И тут вдруг Марик все понял.

– Нин, хочешь тайну расскажу?

– Конечно, конечно, хочу!

Ниночка взгромоздилась на табурет с ногами и замерла, ожидая услышать нечто колоссальное, и искренне была в восторге от того, что сосед Марик, такой серьезный, взрослый, правильный, доверит ей, первоклашке, тайну. И если будет надо, она, несомненно, по-настоящему умрет, как Мальчиш-Кибальчиш, но не откроет этой тайны врагам.

– Ты знаешь, кто такой Юрий Гагарин? – шепотом спросил он.

– Первый человек в космосе, – также шепотом ответила Ниночка.

– А еще кто он?

– Кто? – Она задумалась на секунду. – По радио сказали: майор…

Марик огляделся по сторонам, не подслушивают ли их.

– А еще он мой папка!

Ниночка выпрямилась на табуретке.

– А дядя Жора?

– Я говорю: настоящий папка. Просто раньше я не мог тебе об этом сказать.
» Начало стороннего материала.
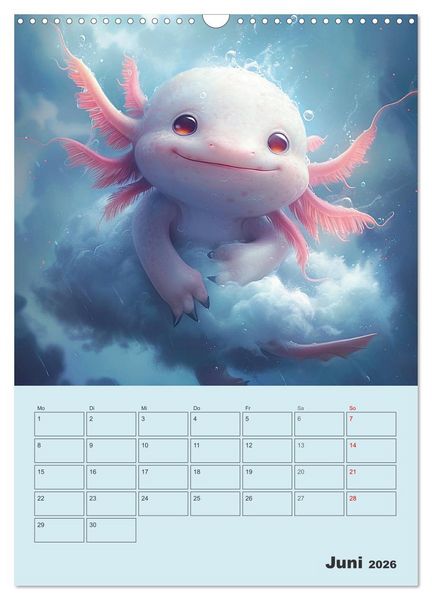 Produktbild: Axolotl. Lustiger Schwanzlurch mit Superkr&auml;ften (Wandkalender 2026 DIN A3 hoch), CALVENDO Monatskalender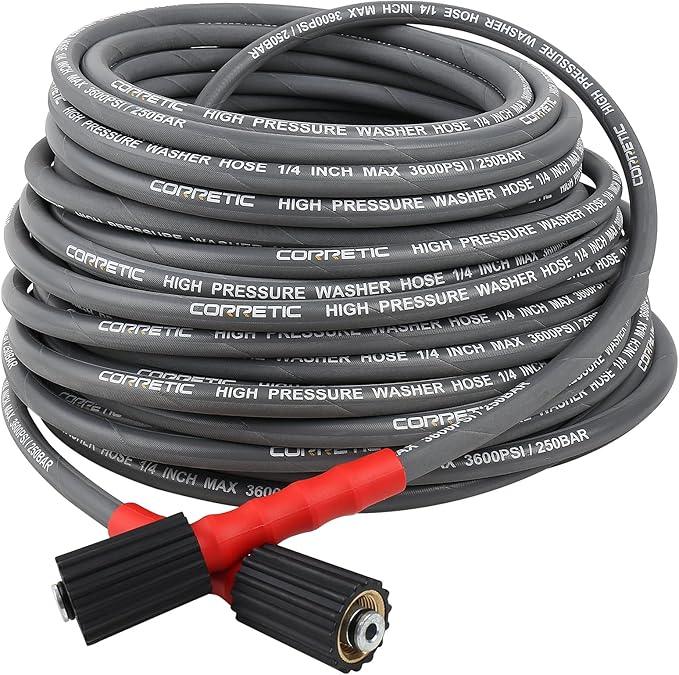 1/4" Pressure Washer Hose 100FT, 3600psi Power Washer Hose for Cold and Hot Water, Steel Wire Braided & Synthetic Rubber Jacket, M22-14mm - NeatNest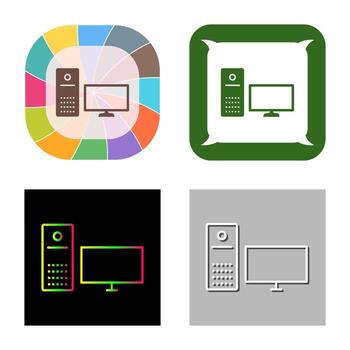icono de vector de computadora único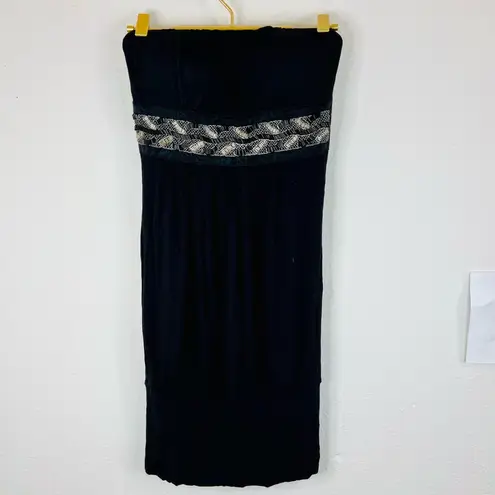 Fashion Magazine Black Tube Dress Small Stretchy 27” Length with Lace Accent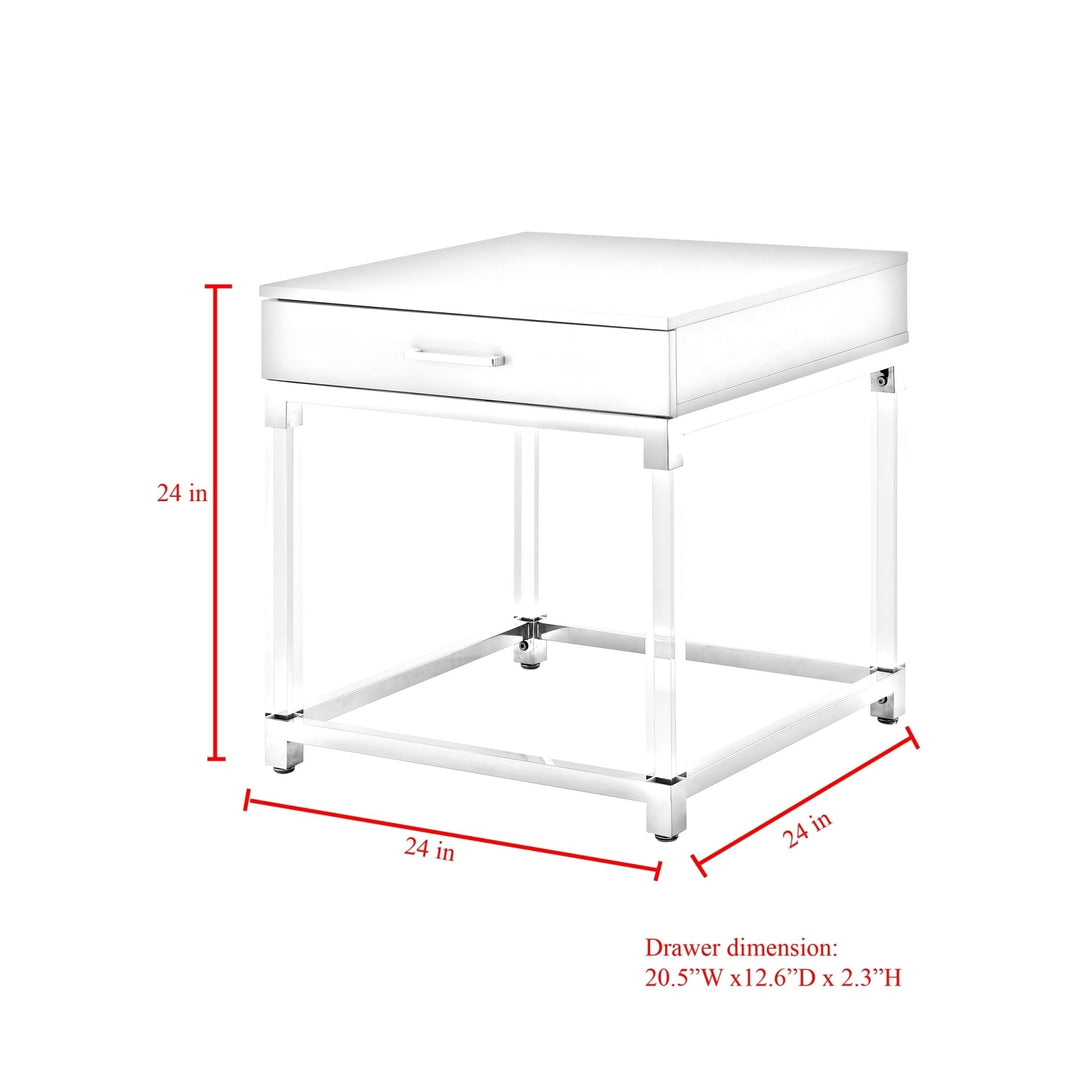 Jerome End Table Modern High Gloss Acrylic Legs Metal Frame 24x24 Inches Image 12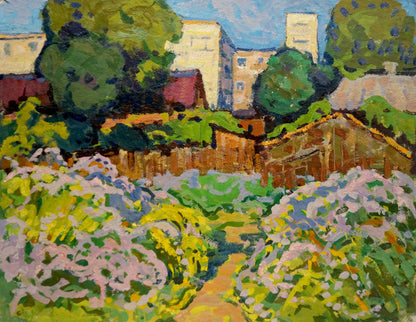 Vibrant impressionist oil painting by Ruban Grigory Savelievich of sunlit lilac garden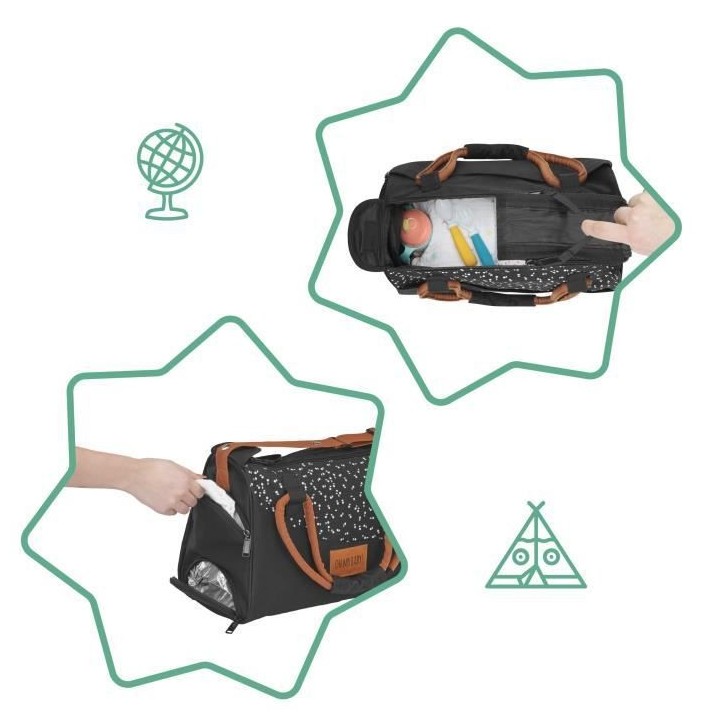 Badabulle Sac a langer Pocketstyle - Capacité 10L - Portage boudoulie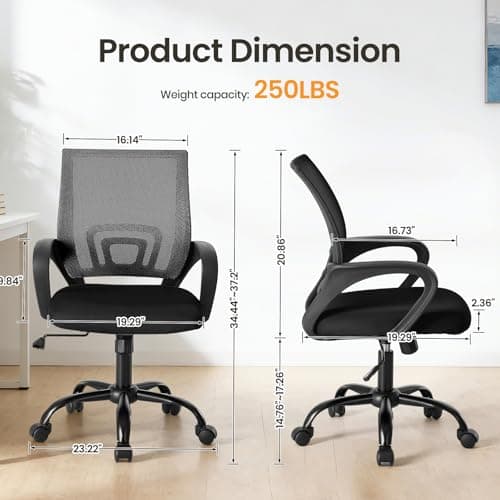 OLIXIS Office Desk Chair - Ergonomic Mid Back with Lumbar Support & Rocking Mode, Height Adjustable with Fixed Armrest, Storage Back for Computer, Gaming, Conference, Meeting, 360° Swivel, Black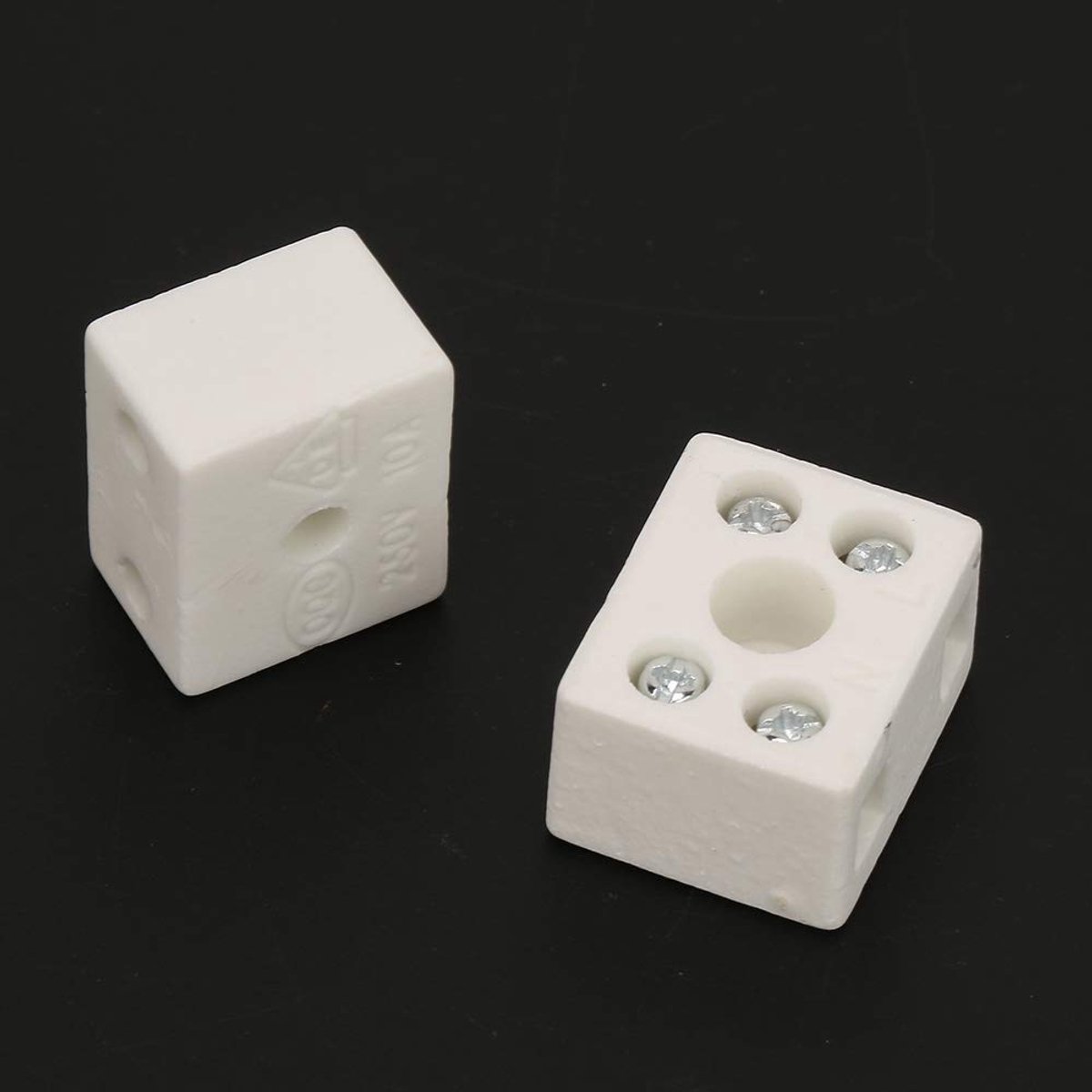 SnelShoppen - Ceramic Aansluitblok, 5 Stuks Draadverbinder 2 Positie 5 Gat Keramisch Aansluitblok 10A 250V, Terminal Blokken voor Elektriciteit
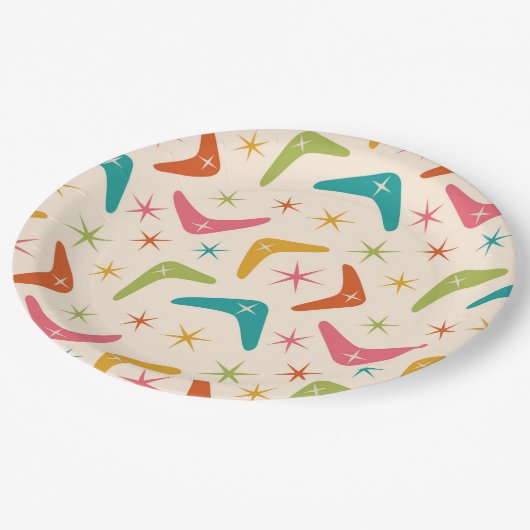 Midden-Century Boomerang met Retro Starbursts Papieren Bordje (Gekanteld)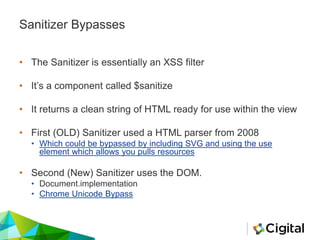 Sanitizer Bypasses
• The Sanitizer is essentially an XSS filter
• It’s a component called $sanitize
• It returns a clean string of HTML ready for use within the view
• First (OLD) Sanitizer used a HTML parser from 2008
• Which could be bypassed by including SVG and using the use
element which allows you pulls resources
• Second (New) Sanitizer uses the DOM.
• Document.implementation
• Chrome Unicode Bypass
 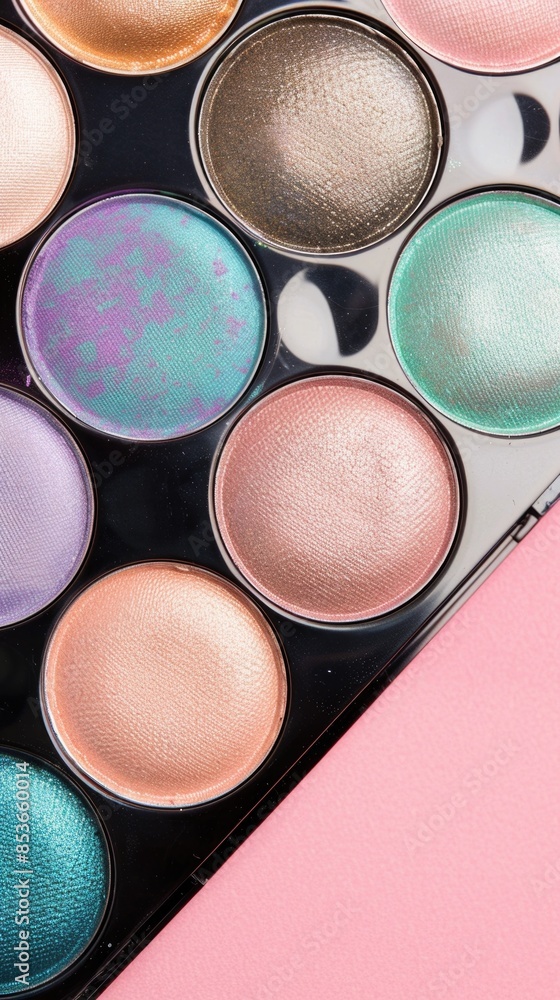 Multicolor black eye makeup palette. Eye shadow in different tones. Copy space, top view Multicolor black eye makeup palette. Eye shadow in different tones. Copy space, top view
Понимаешь, секрет… Его тайно готовили к полету, никто не должен был знать…

Ниночка нахмурилась.

– Он поэтому бросил тебя?

– Да не бросил! – Марик стукнул кулаком по столу. – Космонавты все засекречены. Нельзя было. Военная тайна, понимаешь!

Ниночка закивала, быстро хлопая ресницами.

– А он теперь… После космоса… Прилетит к тебе?

– Конечно! Вот увидишь!

– На космическом корабле «Восток»?

Марик задумался. Вот было бы здо́рово, если бы Юрий Гагарин и правда прилетел бы к его школе, к самому крыльцу, как раз по окончании пятого урока, открыл бы дверцу ракеты, отстегнул шлем от скафандра и сказал: «Ну, Марик, я за тобой». И все ребята бы ахнули. А он, Марик, им небрежно бы кинул: «Я, пацаны, наверное, не успею стенгазету дорисовать. Мне к космосу готовиться надо». И все бы закивали. Потому что, как написано на плакате перед актовым залом: слава, мол, рабочим династиям, и, мол, ты, пионер, будь достойной сменой… У Павлика Гриценко все в семье – и дед, и отец, и старший брат – на Кировском заводе работают. У Машки Лабутиной – на «Красном треугольнике». У Файки Дудкиной все взрослое семейство – зубные врачи, Файка вырастет и тоже зубы драть будет. А ему, Марику Синицкому, в космонавты надо. По наследственной линии. Фамилию вот только сменить бы…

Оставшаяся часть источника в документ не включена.